Reconnaissance de la « Fanfare Ouvrière Municipale »

             En Mai 1912, la victoire socialiste aux élections municipales va permettre à la Fanfare ouvrière d’être reconnue « municipale ».

         Une lettre du président BEAUVAIS de la Fanfare Ouvrière est à cet égard assez édifiante : elle évoque sans ambages « l’indifférence dédaigneuse de la ( précédente ) municipalité »  et rappelle que la « Fanfare Ouvrière » avait été « traitée (jusque là) en paria ». Elle constitue le témoignage des luttes politiques dont les deux sociétés musicales furent les acteurs et les hérauts.

         La vitalité de la « Fanfare Ouvrière Municipale » lui permit d’envisager la participation à un premier Concours : à Suresnes, prévu pour le 26 Août 1914, que la guerre déclenchée un mois auparavant empêcha de se tenir

Le cinquantenaire de « La Jeune France »

         Parallèlement à la création de « La Fanfare Ouvrière », la « Jeune France » poursuit son ascension. Elle sollicite en 1908 l’ouverture d’un premier cours de solfège qui devrait permettre aux jeunes musiciens ainsi formés d’obtenir des avantages lors du Service Militaire ainsi qu’à l’embauche dans les Compagnies Minières. Le seul document disponible quant à la création de ce cours, ancêtre de l’Ecole Municipale de Musique ne nous donne hélas aucune indication précise : où se tenait-il ? qui assurait les cours ?…

         Après l’élection en 1912 de la Municipalité socialiste, c’est à son tour de rencontrer quelques difficultés avec les nouveaux élus, alors qu’elle vient de prendre le nom d’ « Harmonie La Jeune France ». Il semble en effet que la société n’ait pas voulu participer à une réception officielle du député lensois Emile BASLY, venu à Harnes en Octobre 1912. Cette prise de position engendrera une scission avec la Municipalité, l’un des adjoints en viendra même à démissionner.

            Néanmoins, malgré ces petits incidents, l’Harmonie « La Jeune France » pourra organiser le 4 Mai 1913 son cinquantième anniversaire

1914 : le cataclysme

C’est la Grande Guerre et l’invasion qui vont détruire ce que 50 ans d’efforts constructifs ont pu réaliser, et risquer d’anéantir le sentiment artistique que l’on avait su créer à Harnes.

 Ces quatre années de guerre provoquent la dissociation et la dispersion complète des éléments qui animaient les sociétés.
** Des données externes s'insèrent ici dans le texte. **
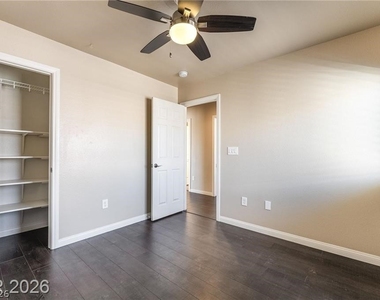 5282 Ledgewood Creek Avenue - Photo Thumbnail 13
La plupart des musiciens sont sous les armes : 17 des leurs ne reverront plus le sol natal. Une grande partie de la population civile se trouve placée sous l’administration allemande dés le début de la guerre ( 3 Octobre 1914 ) et vit dans un état continuel d’angoisse et d’anxiété. Dans les premières années de la guerre, Harnes est considérée comme un lieu de repos pour les régiments ennemis tenant le secteur du plateau de Lorette, elle eut à subir de fréquents bombardements par obus et par avions. Aucune maison ne fut épargnée par les événements : Harnes fut classée parmi les 47 communes du Pas de Calais les plus gravement endommagées.

         En 1917, la population est évacuée et il faut abandonner à l’ennemi biens et souvenirs. C’est cet épisode qui marque la disparition de la bannière, des partitions et des instruments en cuivre. Malgré les dangers encourus, l’épouse d’Henri MIDAVAINE, futur Président, réussit à enfermer dans des caisses les instruments en cuivre ( pour éviter leur saisie ) et à les faire enterrer dans le terroir de Harnes … en un endroit qu’il fut impossible de retrouver après les hostilités !
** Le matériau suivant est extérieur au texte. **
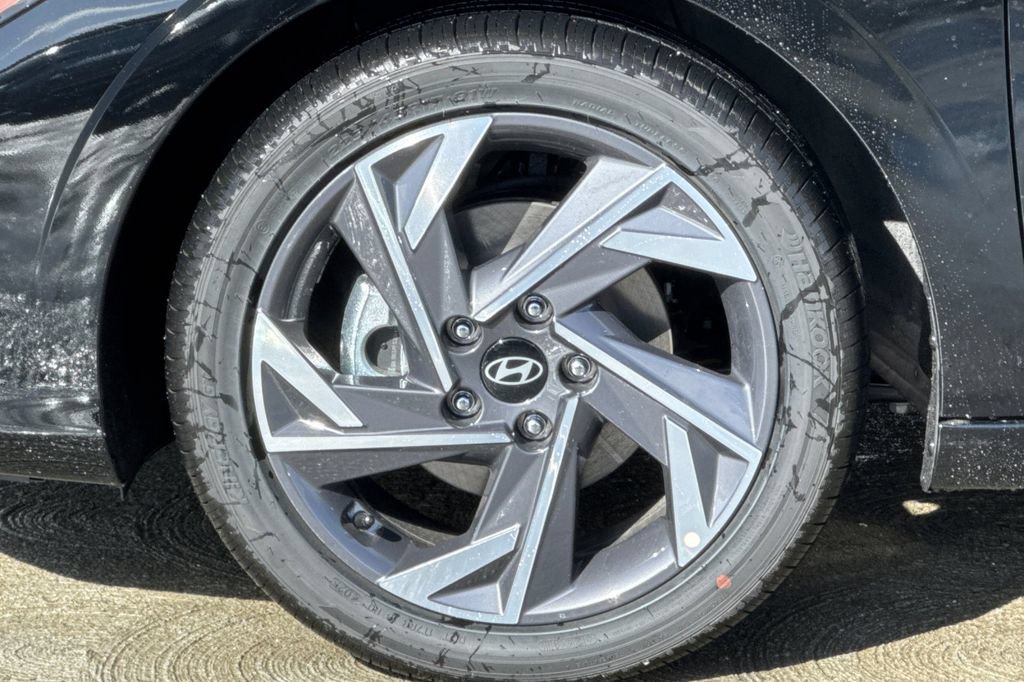 New 2026 Hyundai Elantra Limited FWD image 30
         A la fin des hostilités, tout semble indiquer que rien ne pourra renaître des ruines que la guerre a accumulées dans la ville ; la Victoire assurée sous l’égide de l’Union Sacrée va permettre, sous ce même signe, de grouper des bonnes volontés qui, unissant leur action, susciteront bientôt un renouveau musical.